I’ve been rewriting the topology code.
This code is partially an abstraction layer (and so that part must be friendly to users, easy to understand and implement). It has the job of representing the system processor topology in a btree, i.e. NUMA nodes, sockets, caches, physical cores, logical cores.
Under Linux, it’s easy.
Under Windows, OMG I don’t even
The problem is Windows has added into the mix a completely redundent, unnecessary and complicating concept called a “processor group”. Actual logical core IDs only go up to 64 – the largest number of logical cores in one processor group. So to identify a core, you must identify the processor group, too. Processor groups *SPAN NUMA NODES*, so the members are potentially HETEROGENEOUS.

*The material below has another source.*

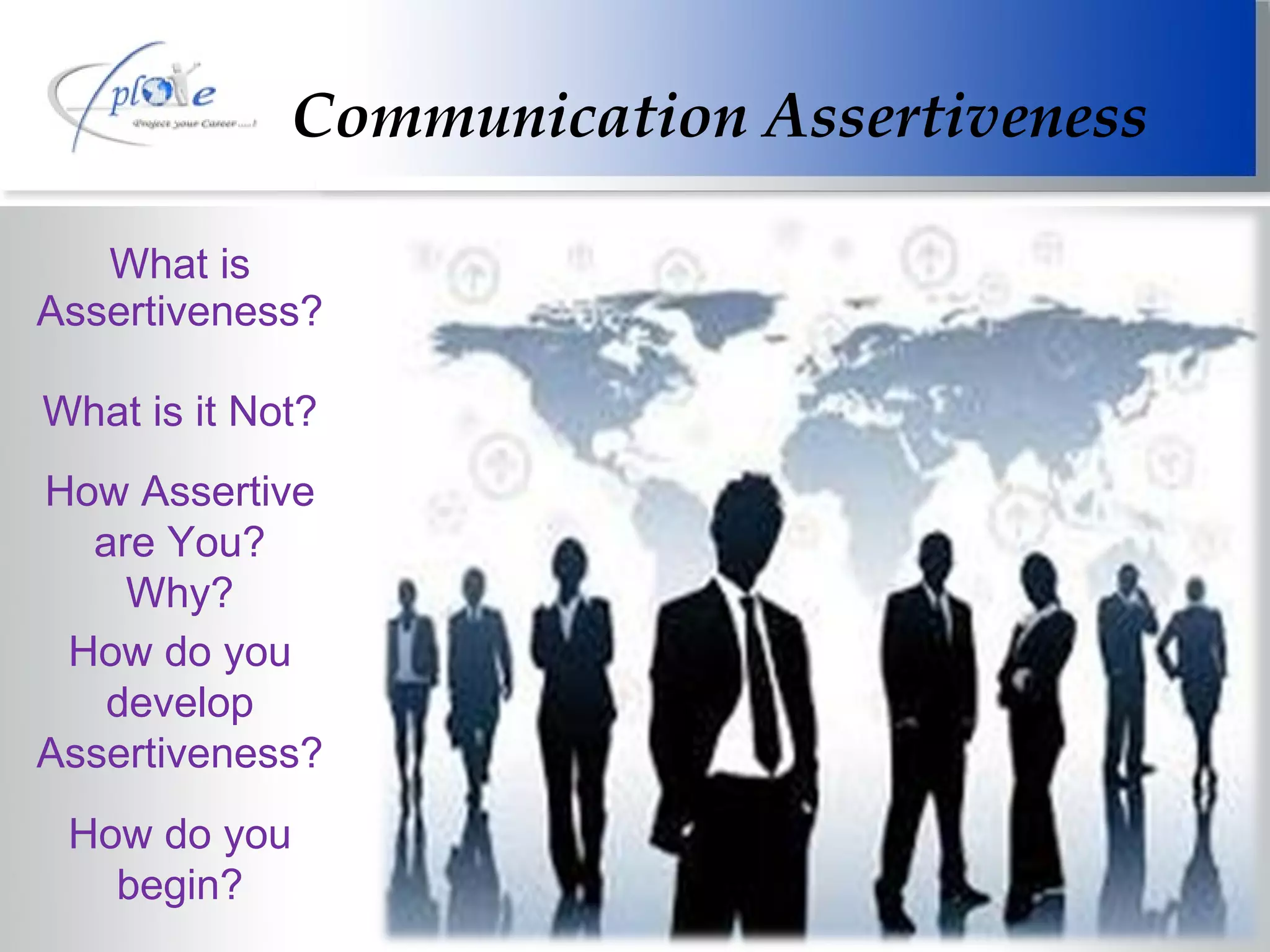 What is Assertiveness? What is it Not? How Assertive are You? Why? How do you develop Assertiveness? How do you begin? Communication Assertiveness 
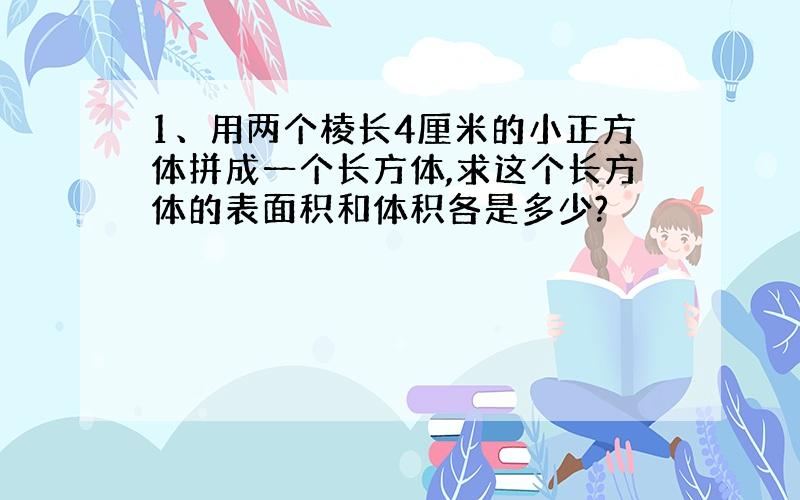 1、用两个棱长4厘米的小正方体拼成一个长方体,求这个长方体的表面积和体积各是多少?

Because the processor group must be specified, when you start using the Windows API for enumerating topology, you can have MULTIPLE entries for the SAME entity, where each entry lists a set of logical cores *for the same processor group*. So a given socket might have say four entries, all the logical procesors in processor group 0, then all those in group 1, etc.
Now, remember – I’m representing the topology in a btree. To link an element, I need in fact to know its full set of logical processors, so I can sort it to the correct location in the tree. In Windows, I can only KNOW that I know this BY FULLY ENUMERATING THE ENTIRE TOPOLOGY, i.e. I actually have to iterate over the entire topology for EVERYTHING I FIND, to ensure I have every logical processor which belongs to it.
The only reason for this madness is processor groups, which I’m going to utterly ignore, always (except I need to know them to be able to start threads on the logical cores I want).